■ **Given data**
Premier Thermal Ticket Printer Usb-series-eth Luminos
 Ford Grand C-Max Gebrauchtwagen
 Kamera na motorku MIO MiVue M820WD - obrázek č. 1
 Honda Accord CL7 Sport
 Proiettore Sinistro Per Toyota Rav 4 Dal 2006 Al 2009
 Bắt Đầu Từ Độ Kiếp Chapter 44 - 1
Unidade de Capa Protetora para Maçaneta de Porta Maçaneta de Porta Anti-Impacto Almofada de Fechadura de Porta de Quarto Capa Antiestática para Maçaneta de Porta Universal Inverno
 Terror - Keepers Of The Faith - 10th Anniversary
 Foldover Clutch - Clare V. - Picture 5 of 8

■ **What you are asked to do**
Return exactly the lines in the records above, beginning with the one that holds "Honda Accord CL7 Sport" and ending with the last.

■ **Answer for this exercise**
 Honda Accord CL7 Sport
 Proiettore Sinistro Per Toyota Rav 4 Dal 2006 Al 2009
 Bắt Đầu Từ Độ Kiếp Chapter 44 - 1
Unidade de Capa Protetora para Maçaneta de Porta Maçaneta de Porta Anti-Impacto Almofada de Fechadura de Porta de Quarto Capa Antiestática para Maçaneta de Porta Universal Inverno
 Terror - Keepers Of The Faith - 10th Anniversary
 Foldover Clutch - Clare V. - Picture 5 of 8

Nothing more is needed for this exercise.